If beauty were really only skin deep, then I'd want to slip a ring on the finger of this full-length Possessor debut. The artwork is more or less a re-thrashers dream. Undead heshers, some with spiked shoulder guards, others topless, emerging from the sewers and alleys of some decadent urban sprawl, the streets practically paved with skulls, while rats scurry about. In the near distance, an emo guy is getting choked out by two of these ghouls before he gets beaten on with an axe and a spiked bat...or maybe a fucking flail! To top all that off, there's a concert bill stuck to the wall just off to the right side of the cover which looks like it is implied that in this strange reality, Possessor themselves would be headlining over the 'Big Four' of US thrash metal.

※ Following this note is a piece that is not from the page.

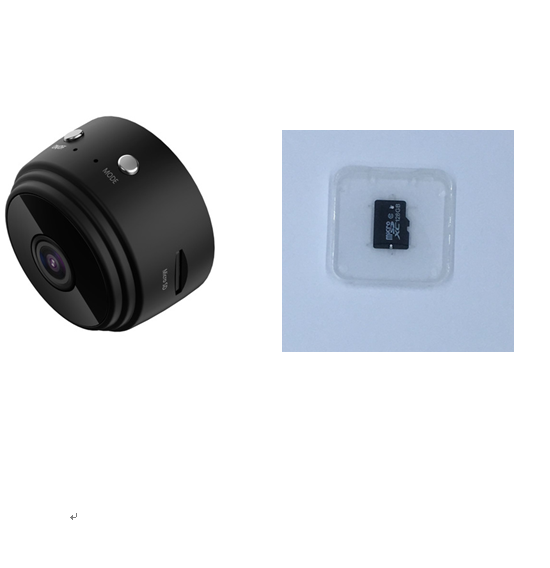 camera A9 WIFI wireless network camera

Like a good 75% of the other pizza bandwagon thrash stuff that has come along in the last decade, I fully expected that I'd hate the garden variety Exodus, Slayer and Anthrax riffs I would find on the album itself, and in retrospect that was probably a little pessimistic. While I can't deny that these Virginians are in fact influence by a lot of the usual suspects in both the thrash and crossover scenes of the 80s, they actually bite into a nasty, fast-paced style that more often than not hits some degree of paydirt. Nothing about the album is overproduced...the rhythm section is pretty much on par with the mix of the rhythm guitar, which is punchy and saturated without being too raw or polished. The bass guitars pump along while the drums have a lot of rumbling fills, I'm not saying every detail sounds super clear but I kind of like the vicious honesty of how it all sounds, it almost sounds like how a recording would feel during the early 90s when thrash was giving up its ghost to other styles, but bands were coming along with slightly more modernized, 'personal' productions.

The real thrill here is the vocalist, Robbie Rainey, who has a ton of charisma as he cycles through the higher pitched, brief screams, the more extended operatic sustains and then the more aggressive mid range stuff he's barking out. He approaches it from a power/thrash vector. It might seem a weighty comparison, but he kinds of reminds me of a mix of Michael Coons (Lääz Rockit), David Wayne (Metal Church, Reverend), Tony Portaro (Whiplash) and Nasty Ronnie (Nasty Savage). He's quite entertaining, even when he's raving over some of the less interesting riffs on the record, and to be honest...there are quite a few. They always possess a sporadic energy to them that is appreciable, but very few progressions that will actually stick out to you once the dust clears. A reasonable balance of faster parts and then some moshier, mid-speed sections that don't feel too excessively dumb or cheap. The leads are fitting to the style although they often lack anything memorable about them apart from the usual bleeding spontaneity they create over the bridge rhythms. The lyrics aren't all that great but I've read far lazier from this generation of thrash acts, and while City Built With Skulls is not the sort of disc you're going to spin over the actual classics, it's definitely more fun than I thought it would be.